中国亡命漫画家・辣椒『マンガで読む 嘘つき中国共産党』を読んだ。本名・王立銘、1973年新疆ウイグル自治区生まれ、政治風刺漫画をネットで発表後、中国政府の迫害を受け2014年から日本に滞在。「新潮45」「ニューズウィーク日本版」で連載を持つ。4コママンガだが情報量が多い

彼の漫画は中国では過激とされる内容なので、もちろん出版できない。香港、台湾、日本では大陸の政治事情に精通していないと分かりにくいので出版が難しく、「新潮45」で日本人向けに書き下ろした。ペンネーム・辣椒は唐辛子のことで、確かに辛口。「言論・表現の自由」など一切ない中国では、絶対に出版不可能である。

彼が描いた習近平を風刺した作品を転載しただけで拘束される。ネットで政治的に“敏感”な発言を続けると警察が来る。東京にいる中国人留学生が実家に電話をして、中国共産党の悪口を言ったら、翌日警察が実家に来たという話もある。電話の会話記録から“敏感単語”をAIで洗い出し、発言者を特定する。
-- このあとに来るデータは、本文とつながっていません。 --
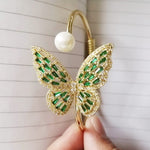 Butterfly Drop Earring - Green Gemstones Gold Frame | Our Phoenix Rise
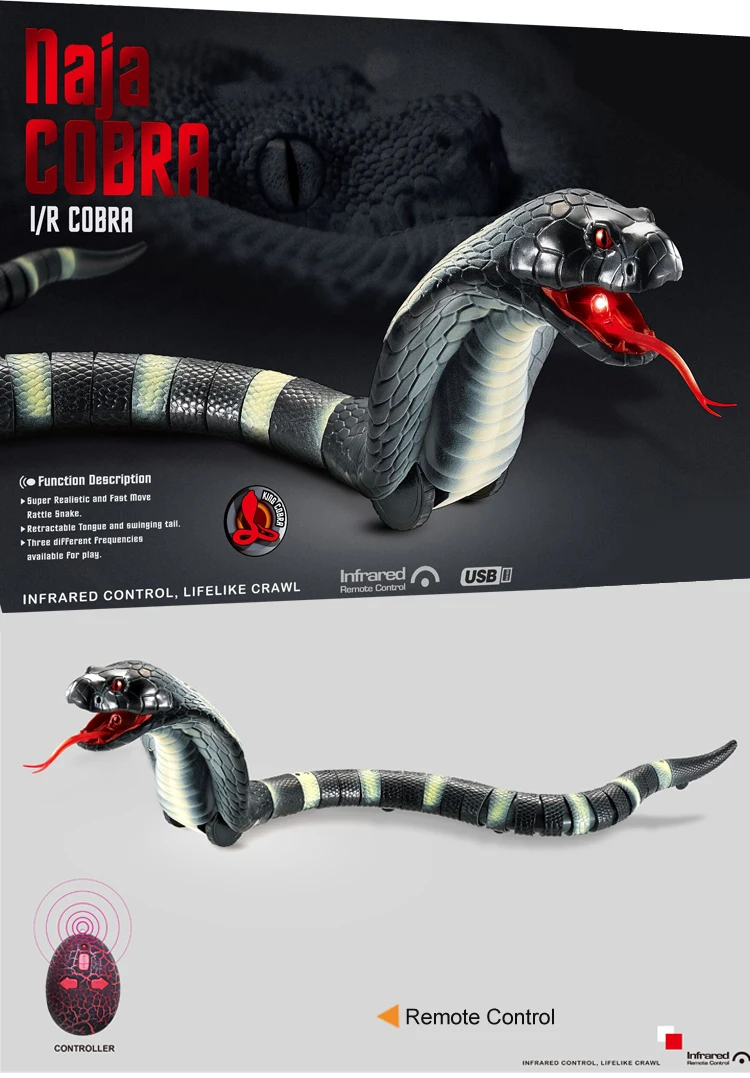 EJ.life Serpent télécommandé Télécommande infrarouge Hochet Serpent  Robotique Alimenté par Batterie Serpent Jouet Enfants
規制強化は習近平の方針もあるが、取り締まる側にも問題な人物を多く見せかけ予算や人員を増やしたいという思惑が動く。治安維持予算は国防予算を超えている。もし経済成長が鈍化したら、さまざまな問題が表面化する。まさにそこが習政権のアキレス腱だ、と阿古智子・東京大学准教授との対談で言う。